La manière d’Arles est déjà présente mêlée à celle de Paris. Cet autoportrait est certainement une des toiles les plus représentatives de la dernière période parisienne. Van Gogh s’est dégagé aussi de l’influence de Lautrec dans sa manière de peindre après s’être dégagé de celle de Gauguin. Cette technique si personnelle s’affirme brusquement ici. Il y a d’autre part entre le sujet, le peintre et la peinture une perte de la distance qui si elle désigne un élément peut-être pathologique est aussi la marque du génie de Van Gogh.
Le tableau fut sans doute commencé par trois jus légers, un ocre pour le visage, bleu pour le fond et vert pour la veste.

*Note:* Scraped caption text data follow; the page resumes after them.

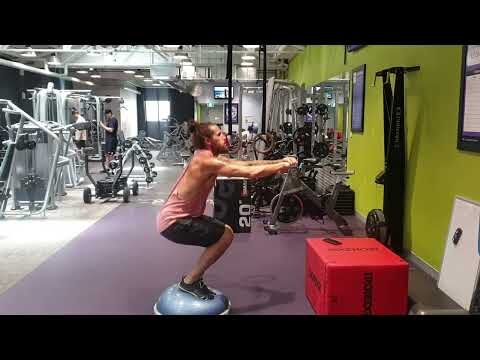 BOSU NARROW SQUATS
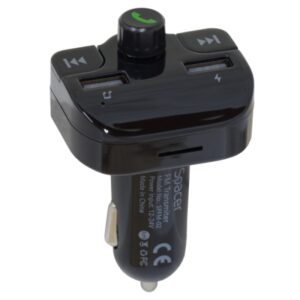 Modulator autor FM Spacer, Bluetooth 5.0, 2xUSB max. 5V/3.1A - SPFM-02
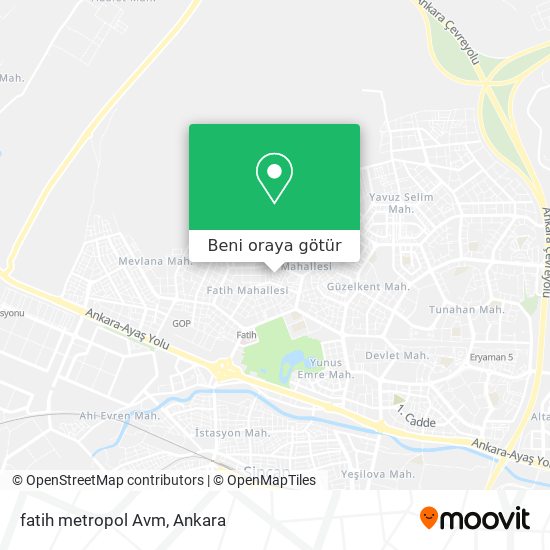 fatih metropol Avm harita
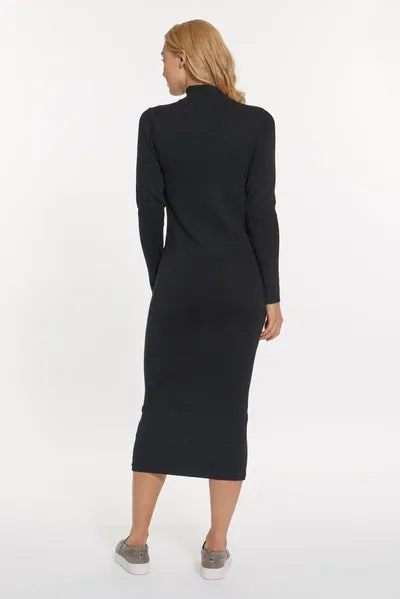 Chelsea Mock Dress - Black Heather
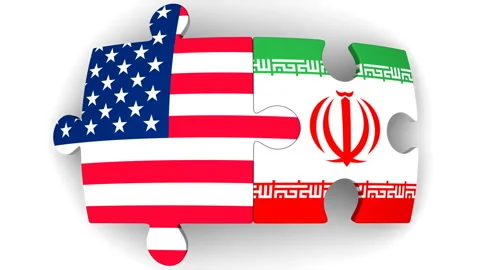 Cooperation between the US and Iran Stock Footage 132642063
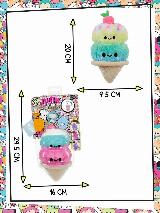 Флаффи Стаффиз Игровой набор Мороженое Рожок Мягкая игрушка Fluffie Stuffiez — фото 4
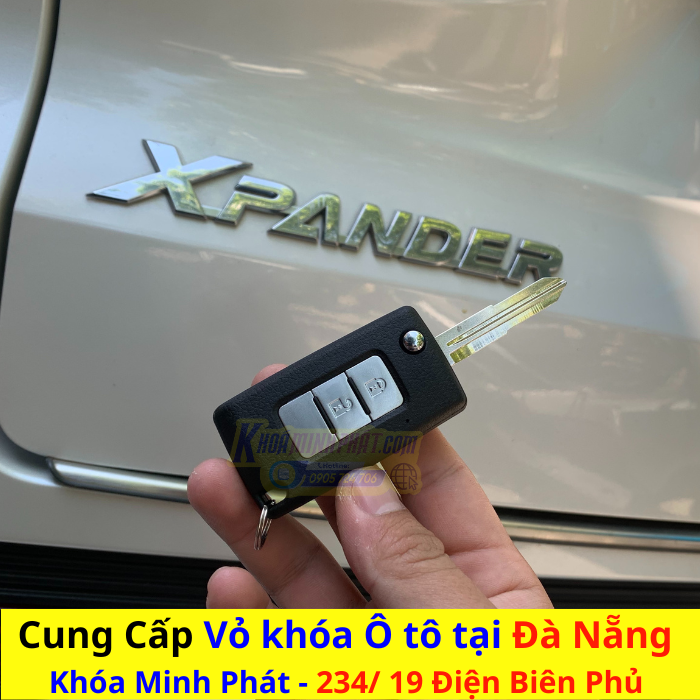 Độ chìa khóa gập xe Mitsubishi Xpander Đà Nẵng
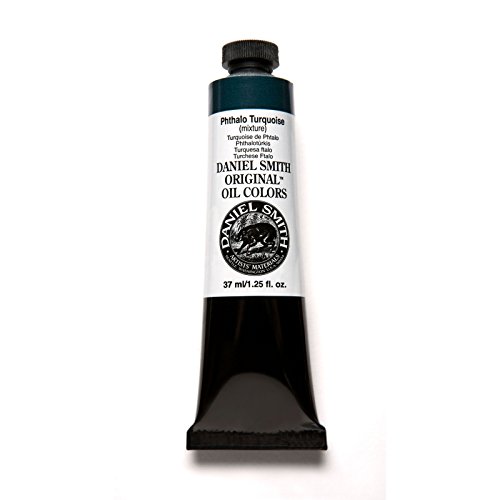 Daniel Smith Original Oil Color, Phthalo Turquoise, 1.25 Fl Oz #TOP4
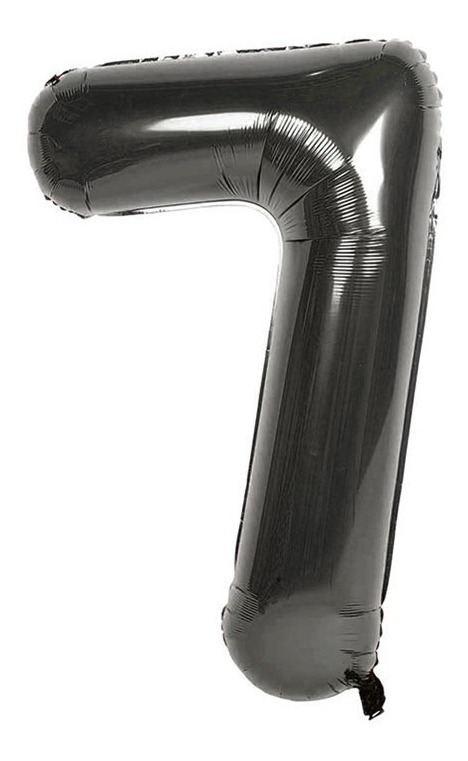 Globo En Forma De Numero - Altura - 76 Cm / Negro - Imagen 7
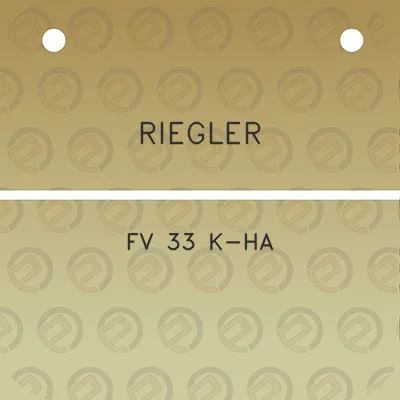 riegler-fv-33-k-ha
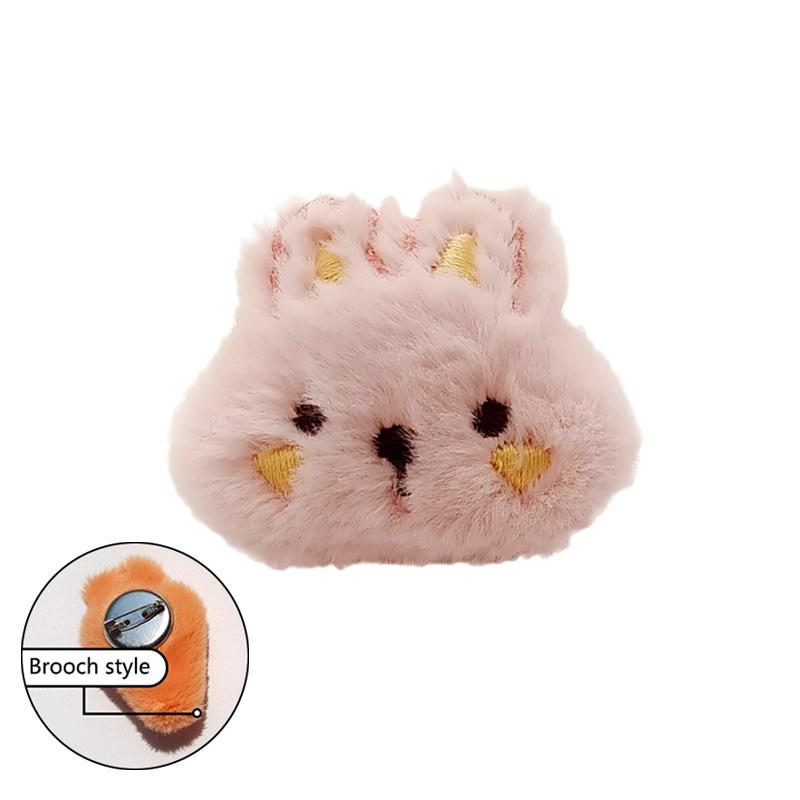 Süße Karotte Hase Plüsch Brosche 3D Cartoon Kaninchen Puppe Pin Tasche Mantel Pullover Schal Abzeichen Pins Accessorie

Van Gogh attaque le portrait directement en coups de pinceau empâtés, il crible sa toile de couleurs au point que le visage semble hérissé des traits de lumière. Il n’hésite pas à faire chanter ses couleurs par contiguïté traçant l’ombre sur le visage à coups de traits bleus complémentaires de l’orangé et du jaune dont il a couvert le visage, et faisant tournoyer autour du regard tout le mouvement de la touche ou entrent outre le jaune et l’orangé, un carmin, un vermillon et un vert.
Sur le front, point culminant de la lumière du tableau, les touches de jaune très clair vibrent avec l’orangé et c’est dans la chevelure que cette vibration s’éloigne plus qu’elle ne s’éteint grâce à l’introduction de touches vertes.
Dans la veste où les coups de pinceaux sont plus longs et plus espacés, le peintre développe ce mouvement de tournoiement qu’il a centré sur le visage autour des yeux, ce mouvement est essentiel au tableau car c’est par lui que l’impression du mouvement des épaules passe, mouvement qui laisse à la contemplation de l’œuvre le sentiment d’un instant très bref devant le miroir mais d’une intensité qui pourrait-on dire l’éternise.
Matière, forme
Les touches dynamiques, larges et zébrées de couleurs complémentaires dessinent la forme. Bien au delà de l’impressionnisme découvert à Paris, cette toile annonce les audaces des fauves et de l’expressionnisme.